- **Web page caption snippets**
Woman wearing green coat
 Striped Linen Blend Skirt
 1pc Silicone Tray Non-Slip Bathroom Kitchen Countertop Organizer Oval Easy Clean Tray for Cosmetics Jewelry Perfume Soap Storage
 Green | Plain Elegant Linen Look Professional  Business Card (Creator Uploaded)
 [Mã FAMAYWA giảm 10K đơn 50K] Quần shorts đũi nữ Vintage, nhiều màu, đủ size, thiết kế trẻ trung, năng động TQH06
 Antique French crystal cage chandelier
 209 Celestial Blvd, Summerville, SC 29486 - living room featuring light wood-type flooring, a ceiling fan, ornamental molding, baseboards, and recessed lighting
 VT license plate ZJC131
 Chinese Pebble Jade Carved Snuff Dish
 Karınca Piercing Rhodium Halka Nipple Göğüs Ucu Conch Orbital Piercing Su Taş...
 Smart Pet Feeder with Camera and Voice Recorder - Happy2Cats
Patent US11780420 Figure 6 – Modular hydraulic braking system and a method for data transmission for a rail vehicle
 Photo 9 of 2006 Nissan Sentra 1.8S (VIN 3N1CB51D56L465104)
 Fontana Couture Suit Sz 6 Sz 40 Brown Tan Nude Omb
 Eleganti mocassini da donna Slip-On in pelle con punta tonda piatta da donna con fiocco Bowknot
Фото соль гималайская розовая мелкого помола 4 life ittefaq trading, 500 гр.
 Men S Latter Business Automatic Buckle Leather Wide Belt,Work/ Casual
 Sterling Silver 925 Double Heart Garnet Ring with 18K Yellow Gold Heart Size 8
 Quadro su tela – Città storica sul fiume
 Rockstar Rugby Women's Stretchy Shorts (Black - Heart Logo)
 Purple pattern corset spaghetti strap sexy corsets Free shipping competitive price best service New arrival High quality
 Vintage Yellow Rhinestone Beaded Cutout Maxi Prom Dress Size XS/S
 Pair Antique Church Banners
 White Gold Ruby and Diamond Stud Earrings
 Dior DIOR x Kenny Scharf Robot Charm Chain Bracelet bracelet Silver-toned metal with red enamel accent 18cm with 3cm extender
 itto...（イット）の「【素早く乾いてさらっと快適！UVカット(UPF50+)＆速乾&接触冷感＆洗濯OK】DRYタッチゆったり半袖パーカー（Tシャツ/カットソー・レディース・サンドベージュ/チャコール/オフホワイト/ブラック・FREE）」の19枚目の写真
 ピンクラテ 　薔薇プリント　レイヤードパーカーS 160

- **Exercise aim**
Which of the lines above include the word "Antique"? List those lines.

- **Result**
 Antique French crystal cage chandelier
 Pair Antique Church Banners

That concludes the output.